At 11 pm, the guides woke us up. We layered on literally every article of clothing we had to start the summit push. You have to start that early to get across the glaciers on the crater rim before
the sun melts the upper layer of ice to water. You are pretty much guaranteed a gruesome fall to your death if you are up there when that happens. From 11 pm to 5:30 am, I climbed very very slowly up the switchbacks through the volcanic ash towards Gillman's Point (18,635 feet). The four mile climb takes over six hours. Gillman's Point is the top of the crater. To reach there you are considered to have reached the top of the mountain. You earn a green colored certificate and a pat on the back. I never thought I would make it. I was huffing and puffing the whole way through the ash. Glacial patches glowed in the moonlight to the sides of the trail. In my oxygen deprived mind, I thought they must be halogen lights being used to light up Gillman's Point. (Don't worry, I get crazier as the hours progress.) The last hour is way way above anything that could be growing, so there is nothing to break up the large boulders. You pull yourself up and over until, finally Gillman's Point. I curled up in a little ball and drank a cup of hot tea. I had made it.

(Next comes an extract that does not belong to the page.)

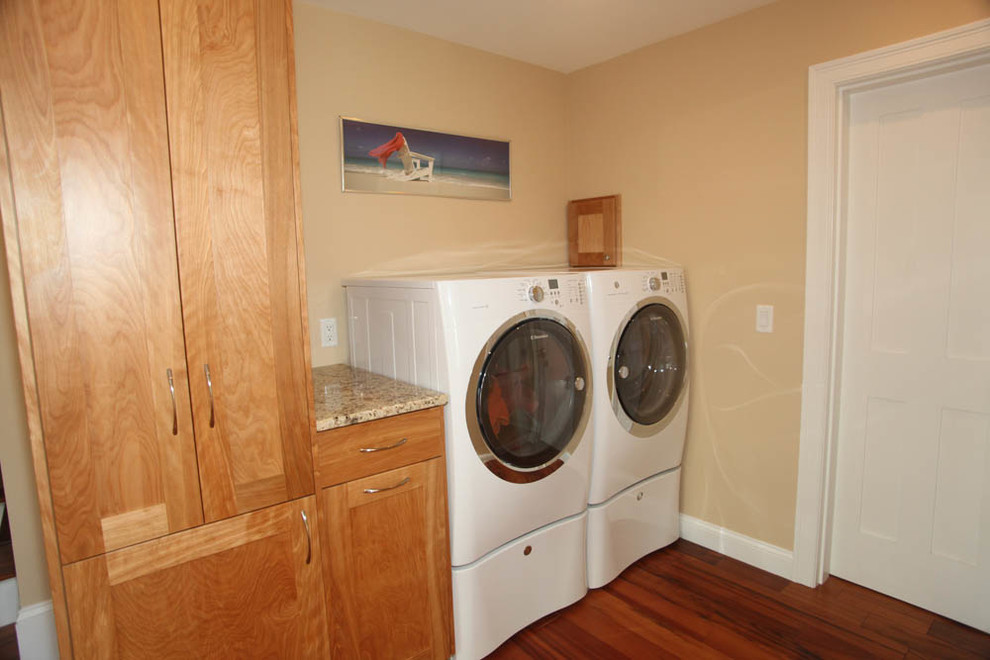 Photo of a small classic single-wall separated utility room in Boston with shaker cabinets, light wood cabinets, granite worktops, yellow walls, dark hardwood flooring, a side by side washer and dryer and beige worktops.
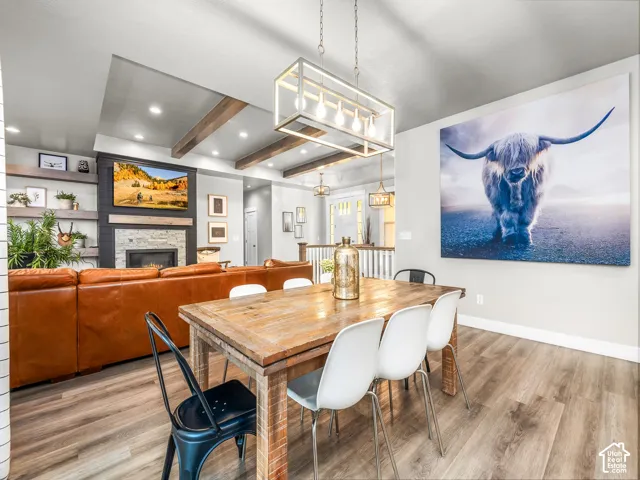 Open-concept living space featuring wood-finish flooring, a linear chandelier, a fireplace with a stone surround, and built-in shelving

Then the guide asks me if I am ready to go on to Uhuru Peak. Uhuru Peak is on the other side of the crater and the highest point on the mountain, and in African in general. It is the ultimate goal of most climbers. (You get a gold certificate for that one.) Although it is only 600 feet or some higher (and when you are around 20,000 this is trivial), but it is up and down over the crater rim, and across the glaciers, to get there, about another two hours. I haul myself up. It took me nearly the full two hours, but at 7:20 am, I made Uhuru Peak. It was a glorious scene. I panted on my hands and knees for a few minutes, pulled myself up to take a picture (in which I look like I am about to be executed) and headed back. I was there no more than five minutes. Then back down.

And then I saw my salvation. There, not 100 meters in front of me, was a donkey. He was nibbling at the grass. Oh happy day! The DONKEY will take me back down. This is perfect. Wait. We are 100 meters about the lichen line. There is no grass here. What could the donkey be eating? Oh. I am seeing things that aren't really there. (It is really common to hallucinate that high up.) The donkey turned back into a rock and I trudged on.

The trip down, once you get to Gillman's Point, was quite a bit faster. You "ski" down the volcanic ash, using your climbing stick as a brake as you go. Unfortunately you end up inhaling a bunch of ash, which your already strapped respiratory system doesn't appreciate. I made it back to Kibo Hut and collapsed. I had an hour before I had to eat dinner and then walk back down to Horomo Hut where we would spend the night. I was hurting when I got back up, pulled on my pack, and started down. The night at Horomo was cold, but I slept like a rock through most of it so I didn't notice until the morning.

The next day it was up at 6 am and back down the rest of the way to the gate. I was never so happy in all my life to see a motorized vehicle than when I walked into that parking lot. I signed the log attesting that I had reached the peak, bought a phone card to tell me mother, and went back to the hotel. After my first shower in nearly a week, and a few icy cold Tuskers at the bar, I was feeling pretty damned good about me and my gold certificate. I had walked 60 miles and ascended (and descended) 15,000 feet in the last five days.

The next day it was back on the bus and back to Dar. Currently I am living in a cold water YMCA, looking for housing that I can afford in this god forsaken city. I have looked at a number of things that I either cannot afford, or are brothels. Other than that, and the fact that the city is basically under water from massive late season rains (can you say cholera anyone?), I am having a good time. Work is fine and I am trying to pick up a bit of Swahili.